Les cheveux de la dame sont soyeux et parfumés, le chignon se dénoue quand elle la bouscule pour la faire avancer. Le canon noir et brillant s’approche de la ligne claire du menton, la gorge offerte, les mains de la femme qui tâtonnent, se protègent gauchement, cherchent à se libérer. L’incroyable détonation. Changement de tableau. Les yeux intacts surplombent un carnage de visage, le sang coule abondamment, épongé par le tissu du tailleur bien coupé. Les cheveux défaits et tachés, les jambes pliées n’importe comment.

Cette formidable détonation, la ligne du menton est partie en bouillie. La femme entière est partie en purée (BM, 118).

Le meurtre initiatique de l’amitié de Manu et Nadine présage le « changement de tableau » qui suivra, là où c’est bien « la femme entière qui [partira] en purée ». Et elle sera ensuite, « la femme », travestie, parodiée, parasitée par Manu et Nadine : « avec la carte et le code elles peuvent se payer plein de trucs. Elle veut aussi acheter le même tailleur que la femme » (BM, 118). Mais à force de jouer, en l’exagérant, avec cette mascarade féminine – « les femmes font tellement n’importe quoi de leurs corps, on peut se déguiser sans étonner personne » (BM, 146) –, à force de retravailler sa coiffure, et en empruntant finalement le costard d’un architecte, Nadine en vient finalement à « ressemble[r] vraiment à un mec, et même à un mec avec une certaine classe » (BM, 236).
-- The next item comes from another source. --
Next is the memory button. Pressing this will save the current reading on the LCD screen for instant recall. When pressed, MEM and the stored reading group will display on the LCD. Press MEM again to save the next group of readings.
Manu et Nadine, dans leur revanche contre un système qui les écrase, en saisissant les armes de l’oppresseur et parasitant les codes, s’attaquent surtout aux frontières entre les « catégories du sexe32 », telles qu’a pu les entendre Monique Wittig, vingt ans auparavant.

Co-initiatrice du Mouvement de libération des femmes (MLF), Monique Wittig articule le genre en tant que catégorie idéologique, économique, sociale et politique, plutôt qu’essence. En proposant des similitudes entre les catégories du sexe et la lutte des classes, elle met aussi système capitaliste et système patriarcal sous un dénominateur commun. Car la femme se distingue de l’homme, explique Wittig, par son statut de servage au cœur d’un régime politique hétérosexuel qui fonde la différence entre les sexes, et la précède33 : « la catégorie de sexe est une catégorie politique qui fonde la société en tant qu’hétérosexuelle34 ». C’est en cela que les lesbiennes de Wittig « ne sont pas des femmes » : en se définissant hors de leur relation à l’homme, elles incarnent la marge d’un système de classe qui impose le binarisme :

L’idéologie de la classe dominante qui perpétue le sexisme et en tire des profits multiples et divers est, dans ce moment-ci de l’Histoire, celle de la classe capitaliste et de ses complices : tous les mâles qui consciemment ou inconsciemment, avec plus ou moins de violence suivant leurs intérêts, se servent de la situation de classe dans laquelle la société capitaliste les a placés par rapport à nous35.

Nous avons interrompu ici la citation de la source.